The lower limit for detection of a near-field signal arises from the requirement that the signal-to-noise ratio (SNR) be larger than unity,

SNR = \frac{S_{nf}}{σ_{ff}} = f \sqrt{\frac{k}{N_{FA}}} > 1 .

Below this limit, the near-field signal is indistinguishable from stochastic fluctuations of the far-field background. On the other hand, to produce an image that can be interpreted visually dictates a more stringent requirement, namely that the contrast (C) be larger than unity,

C = \frac{S_{nf}}{S_{ff}} = \frac{f}{N_{FA}} > 1 .

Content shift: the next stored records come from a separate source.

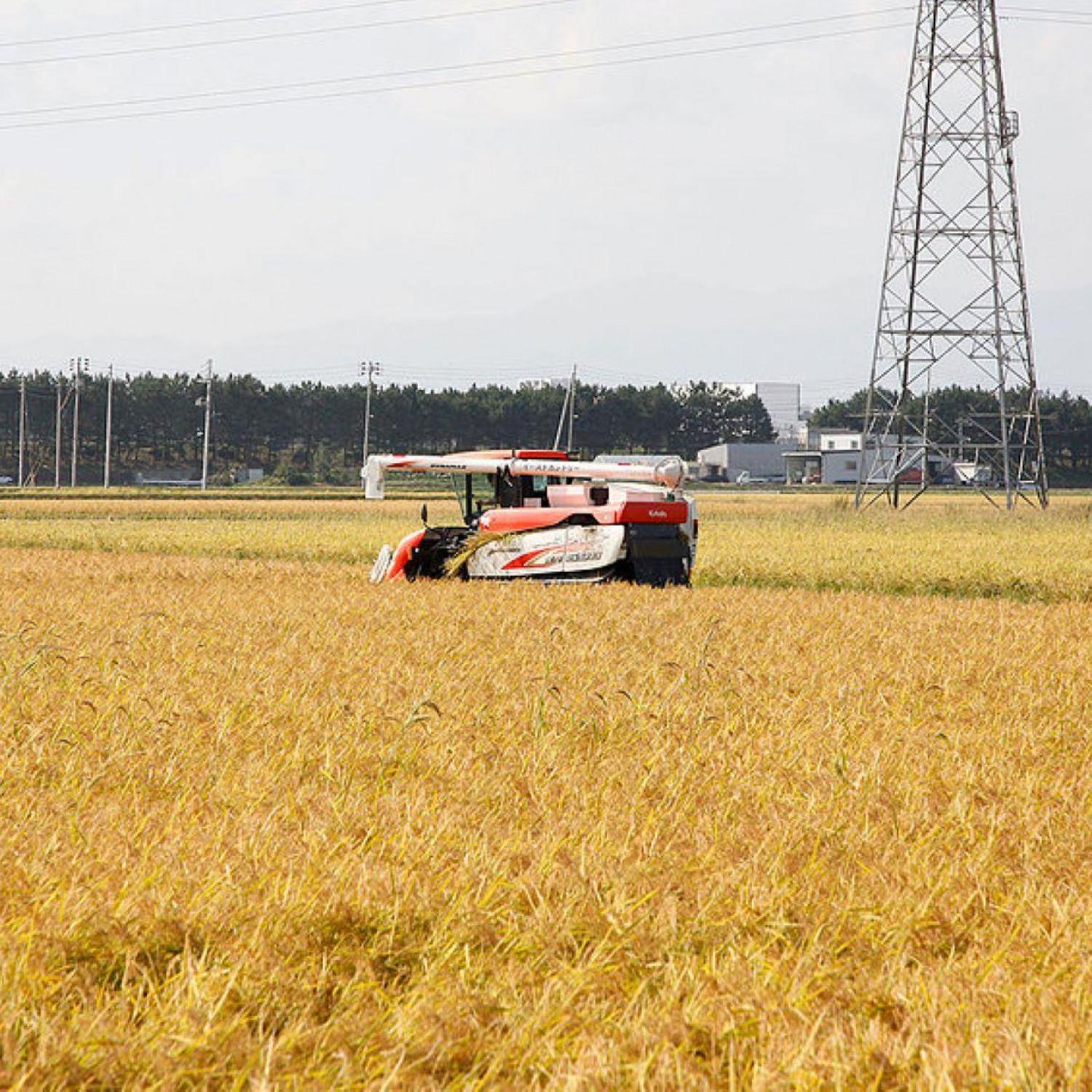 精米　令和６年産ひとめぼれ　５キロ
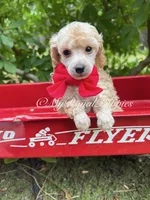  Red Collar , a male Poodle - Miniature  for sale in Colbert, WA – 2 of 4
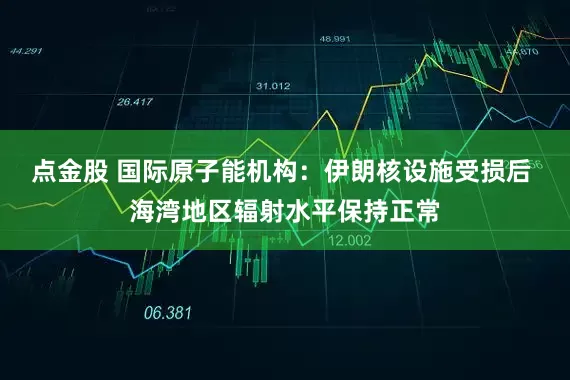 点金股 国际原子能机构：伊朗核设施受损后 海湾地区辐射水平保持正常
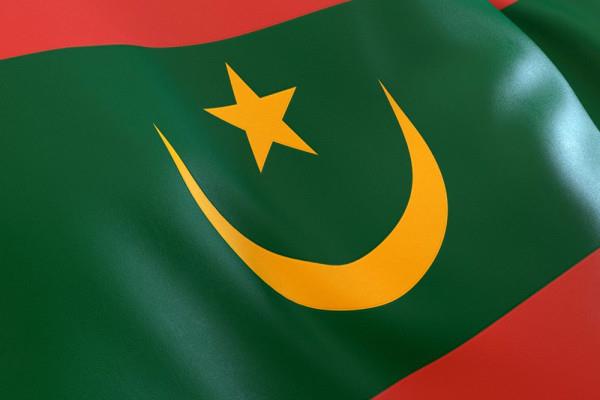 Mauritania strongly condemns attack on civil facilities in UAE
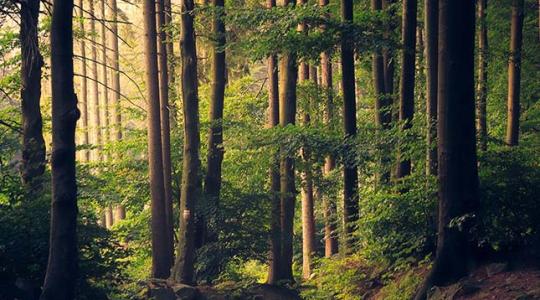 Kell új erdészeti stratégia, de a mostani EU-s tervezet nem megfelelő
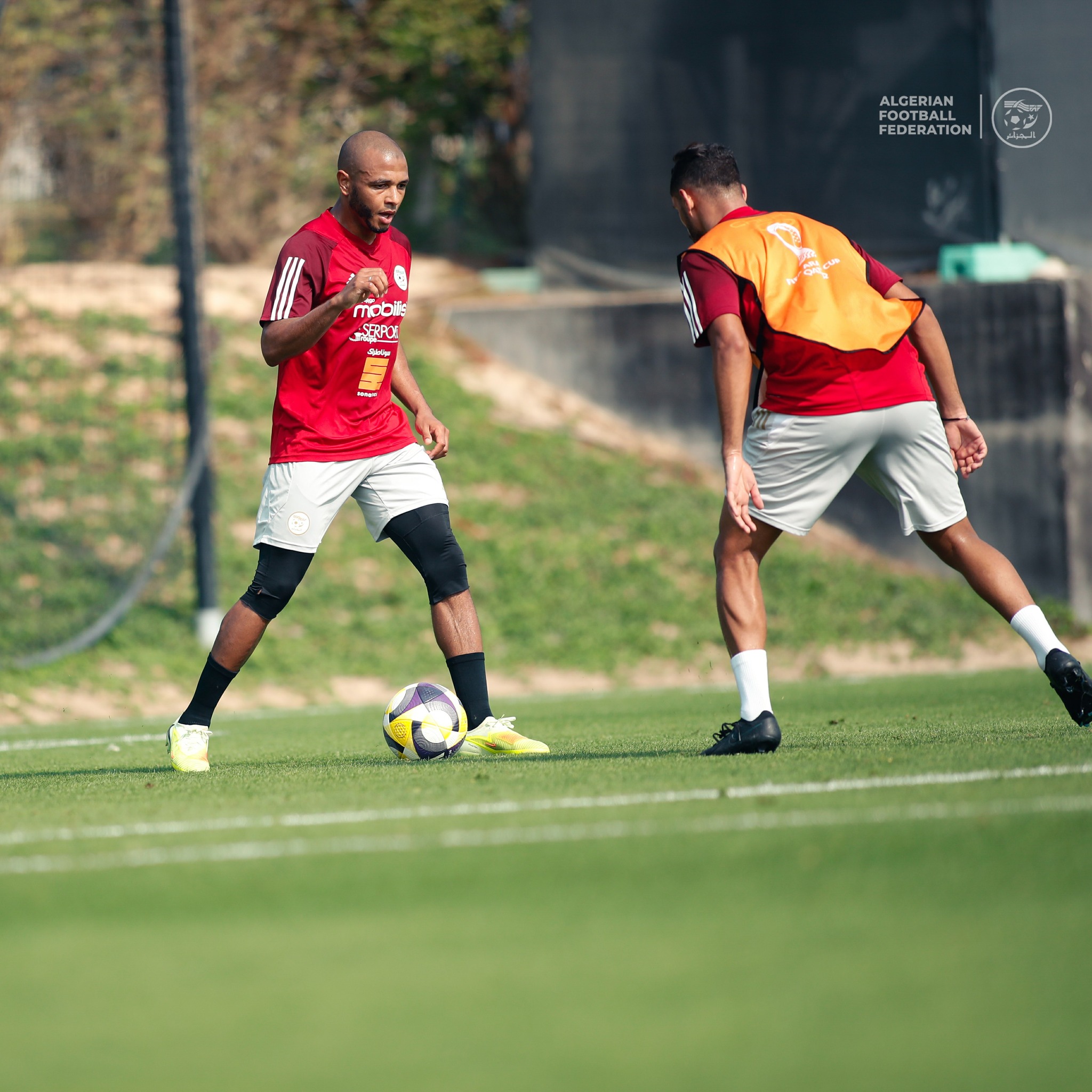 595124345 122179526516484363 2954519877169575423 n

In this model, it is straightforward to evaluate the minimum enhancement required for sensitivity to a single fluorophore within a dense ensemble. A practical limit on density arises from the requirement that the average spacing between fluorophores be no smaller than the microscope resolution, which is given by the near-field interaction zone. In this limit, N_FA=A/a_tip, where A is the area of the laser focus. Using the focused-TIRF scheme described above, A=0.75 µm² and a_tip=100 nm², which suggests a signal enhancement of f>7500 is needed to achieve contrast greater than unity. Employing a radially polarized laser beam yields a smaller focus spot, A=(250 nm)² [14], thus reducing the required enhancement to f~600. Silicon tips are only capable of producing an enhancement factor of f~20 [4], well below these requirements. Simple, non-optimized metal tips have been predicted to yield enhancement factors of f~3000 [1] and optimized metal tips that leverage antenna resonances may yield even larger enhancement factors. Although metal tips can produce much larger field enhancements than silicon, they also strongly quench fluorescence, leading to an overall reduction in the fluorescence signal and an associated decrease in the contrast. In several previous reports, silicon tips were found to yield the largest net contrast since no quenching was observed [2, 4, 5].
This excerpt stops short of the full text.